Short descriptive text snippets

************

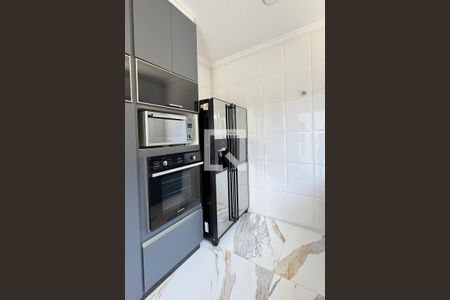 Casa de condomínio à venda com 403m², 4 quartos e 4 vagasCozinha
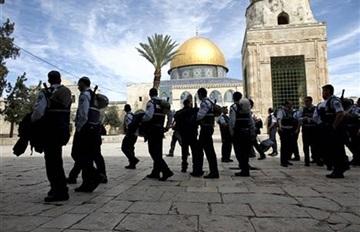 منظمات صهيونية تبحث تكثيف تواجدها بالأقصى.. غدا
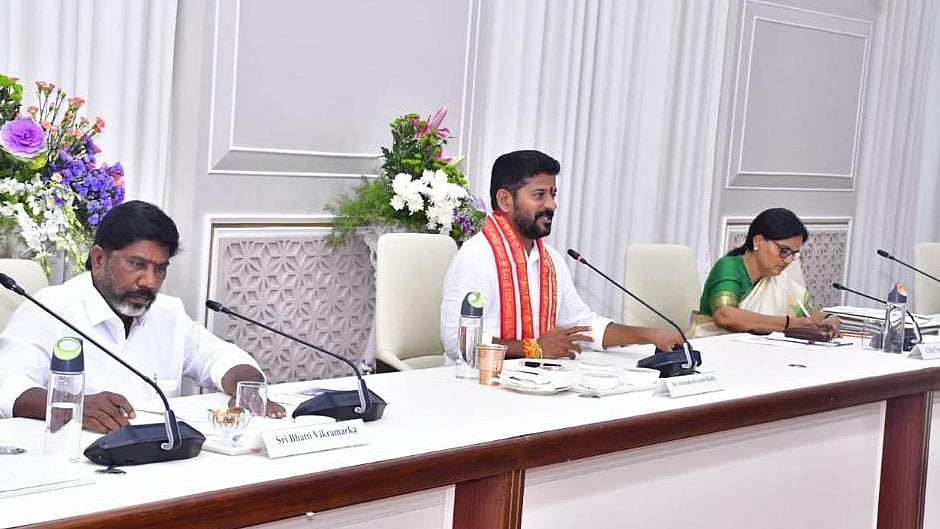 रेवंत रेड्डी ने तेलंगाना के मुख्यमंत्री का पदभार संभाला, पहली कैबिनेट बैठक की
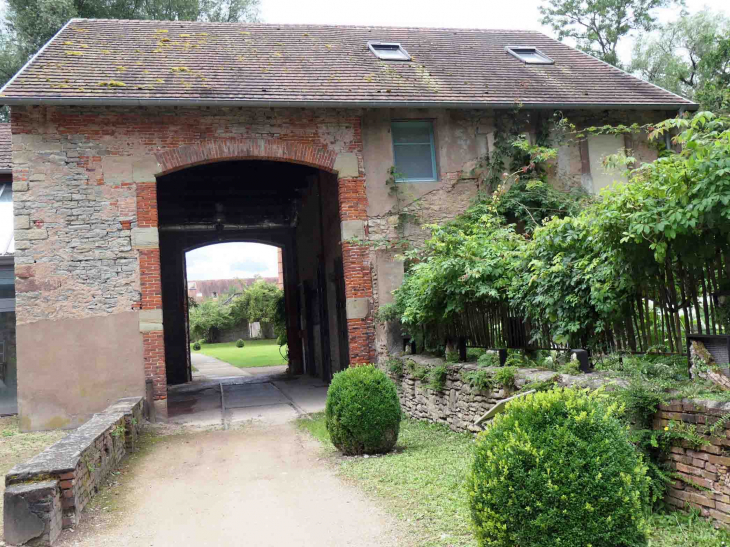 Musée des techniques faIencières : les anciens bâtiments - Sarreguemines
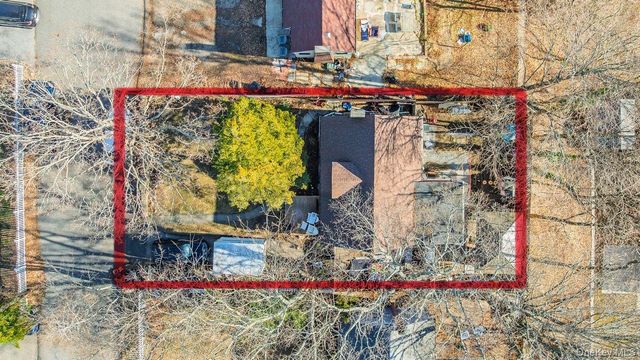 50 Poseidon Road, Rocky Point, NY 11778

************

» Aim of the exercise: Could you transcribe the records above exactly, leaving every picture out?

» Result below:
 Casa de condomínio à venda com 403m², 4 quartos e 4 vagasCozinha
 منظمات صهيونية تبحث تكثيف تواجدها بالأقصى.. غدا
 रेवंत रेड्डी ने तेलंगाना के मुख्यमंत्री का पदभार संभाला, पहली कैबिनेट बैठक की
 Musée des techniques faIencières : les anciens bâtiments - Sarreguemines
 50 Poseidon Road, Rocky Point, NY 11778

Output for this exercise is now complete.